▶ [Task details] Starting at the line with "乒乓球館PVC運動地板 乒乓球館PVC運動地板", retype each line exactly up to and including the final line of the records below.

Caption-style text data
..........
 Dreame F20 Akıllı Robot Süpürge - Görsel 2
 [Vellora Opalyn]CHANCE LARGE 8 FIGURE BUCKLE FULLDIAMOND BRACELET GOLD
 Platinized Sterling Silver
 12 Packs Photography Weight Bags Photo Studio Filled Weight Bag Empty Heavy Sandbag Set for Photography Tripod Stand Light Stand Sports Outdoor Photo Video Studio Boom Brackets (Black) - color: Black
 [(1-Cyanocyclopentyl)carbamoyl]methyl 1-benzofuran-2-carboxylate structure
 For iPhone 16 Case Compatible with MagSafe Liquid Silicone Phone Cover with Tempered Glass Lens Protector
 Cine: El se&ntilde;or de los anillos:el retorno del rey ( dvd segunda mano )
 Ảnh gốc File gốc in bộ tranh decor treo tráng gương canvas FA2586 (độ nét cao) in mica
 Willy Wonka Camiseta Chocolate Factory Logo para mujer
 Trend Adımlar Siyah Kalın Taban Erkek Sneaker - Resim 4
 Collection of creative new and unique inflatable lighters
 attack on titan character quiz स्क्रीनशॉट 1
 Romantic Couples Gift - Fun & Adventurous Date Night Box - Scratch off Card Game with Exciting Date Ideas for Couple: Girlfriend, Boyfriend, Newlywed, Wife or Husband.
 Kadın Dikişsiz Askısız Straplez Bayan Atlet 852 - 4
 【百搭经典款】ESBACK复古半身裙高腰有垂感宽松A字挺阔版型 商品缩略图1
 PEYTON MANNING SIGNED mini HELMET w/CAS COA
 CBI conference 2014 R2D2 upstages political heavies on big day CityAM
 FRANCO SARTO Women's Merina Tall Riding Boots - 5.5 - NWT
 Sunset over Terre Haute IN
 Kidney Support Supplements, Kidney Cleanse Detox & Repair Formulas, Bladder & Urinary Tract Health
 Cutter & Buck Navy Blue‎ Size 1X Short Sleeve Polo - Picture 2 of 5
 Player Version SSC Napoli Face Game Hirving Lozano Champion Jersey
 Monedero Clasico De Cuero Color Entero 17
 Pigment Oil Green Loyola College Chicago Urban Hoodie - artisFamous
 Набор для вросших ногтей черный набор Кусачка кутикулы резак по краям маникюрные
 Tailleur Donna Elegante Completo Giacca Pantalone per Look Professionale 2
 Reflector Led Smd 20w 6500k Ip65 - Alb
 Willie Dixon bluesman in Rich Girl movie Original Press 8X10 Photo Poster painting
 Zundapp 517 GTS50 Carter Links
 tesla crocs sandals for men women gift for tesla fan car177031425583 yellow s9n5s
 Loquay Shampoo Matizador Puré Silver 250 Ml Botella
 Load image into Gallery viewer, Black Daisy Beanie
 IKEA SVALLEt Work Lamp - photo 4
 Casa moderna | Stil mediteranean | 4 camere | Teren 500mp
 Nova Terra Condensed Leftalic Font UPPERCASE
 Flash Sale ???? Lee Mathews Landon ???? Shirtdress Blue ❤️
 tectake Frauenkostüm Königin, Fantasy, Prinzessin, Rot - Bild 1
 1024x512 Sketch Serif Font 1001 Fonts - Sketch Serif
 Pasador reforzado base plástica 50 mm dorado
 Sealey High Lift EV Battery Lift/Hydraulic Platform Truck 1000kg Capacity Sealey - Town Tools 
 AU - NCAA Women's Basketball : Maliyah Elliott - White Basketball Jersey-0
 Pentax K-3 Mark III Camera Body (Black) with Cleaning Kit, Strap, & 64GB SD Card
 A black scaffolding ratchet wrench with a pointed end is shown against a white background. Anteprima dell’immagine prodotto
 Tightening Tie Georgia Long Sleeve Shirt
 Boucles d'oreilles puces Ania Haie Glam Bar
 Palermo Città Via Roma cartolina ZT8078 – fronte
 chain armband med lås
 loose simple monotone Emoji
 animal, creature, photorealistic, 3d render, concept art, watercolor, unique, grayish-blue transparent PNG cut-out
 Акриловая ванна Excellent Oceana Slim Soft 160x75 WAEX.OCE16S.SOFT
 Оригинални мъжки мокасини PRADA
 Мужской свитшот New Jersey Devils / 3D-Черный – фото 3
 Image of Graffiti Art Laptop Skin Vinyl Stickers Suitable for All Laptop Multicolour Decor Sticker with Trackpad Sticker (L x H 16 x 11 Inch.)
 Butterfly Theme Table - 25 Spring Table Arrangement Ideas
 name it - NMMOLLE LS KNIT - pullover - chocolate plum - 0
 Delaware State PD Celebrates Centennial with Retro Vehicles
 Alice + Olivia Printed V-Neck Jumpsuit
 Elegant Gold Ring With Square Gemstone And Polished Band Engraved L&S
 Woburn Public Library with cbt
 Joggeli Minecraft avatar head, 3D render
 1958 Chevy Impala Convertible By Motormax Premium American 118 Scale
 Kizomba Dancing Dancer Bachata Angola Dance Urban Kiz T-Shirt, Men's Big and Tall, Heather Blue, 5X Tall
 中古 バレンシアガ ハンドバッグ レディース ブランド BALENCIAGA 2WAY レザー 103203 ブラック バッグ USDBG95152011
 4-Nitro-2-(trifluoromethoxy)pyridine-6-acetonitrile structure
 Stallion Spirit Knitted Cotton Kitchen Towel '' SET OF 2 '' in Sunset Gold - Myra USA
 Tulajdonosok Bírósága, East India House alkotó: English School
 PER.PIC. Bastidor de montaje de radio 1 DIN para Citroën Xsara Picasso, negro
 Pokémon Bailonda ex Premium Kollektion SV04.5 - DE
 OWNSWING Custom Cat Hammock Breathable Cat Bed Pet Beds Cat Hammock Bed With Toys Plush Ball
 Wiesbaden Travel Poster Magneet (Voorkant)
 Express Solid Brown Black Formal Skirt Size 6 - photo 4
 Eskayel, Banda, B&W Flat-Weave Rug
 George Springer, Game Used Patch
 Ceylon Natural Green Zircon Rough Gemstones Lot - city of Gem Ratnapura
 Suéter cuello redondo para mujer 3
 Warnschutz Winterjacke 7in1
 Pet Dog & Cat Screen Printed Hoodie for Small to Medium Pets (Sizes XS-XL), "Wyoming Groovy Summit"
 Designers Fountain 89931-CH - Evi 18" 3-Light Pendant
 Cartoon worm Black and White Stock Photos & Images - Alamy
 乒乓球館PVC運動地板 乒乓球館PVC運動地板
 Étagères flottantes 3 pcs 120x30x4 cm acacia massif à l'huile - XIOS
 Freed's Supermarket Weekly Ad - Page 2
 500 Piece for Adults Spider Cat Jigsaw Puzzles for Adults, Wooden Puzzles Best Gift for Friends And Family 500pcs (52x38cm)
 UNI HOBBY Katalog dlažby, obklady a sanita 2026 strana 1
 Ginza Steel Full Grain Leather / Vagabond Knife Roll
..........
▶ [Result of this exercise]
 乒乓球館PVC運動地板 乒乓球館PVC運動地板
 Étagères flottantes 3 pcs 120x30x4 cm acacia massif à l'huile - XIOS
 Freed's Supermarket Weekly Ad - Page 2
 500 Piece for Adults Spider Cat Jigsaw Puzzles for Adults, Wooden Puzzles Best Gift for Friends And Family 500pcs (52x38cm)
 UNI HOBBY Katalog dlažby, obklady a sanita 2026 strana 1
 Ginza Steel Full Grain Leather / Vagabond Knife Roll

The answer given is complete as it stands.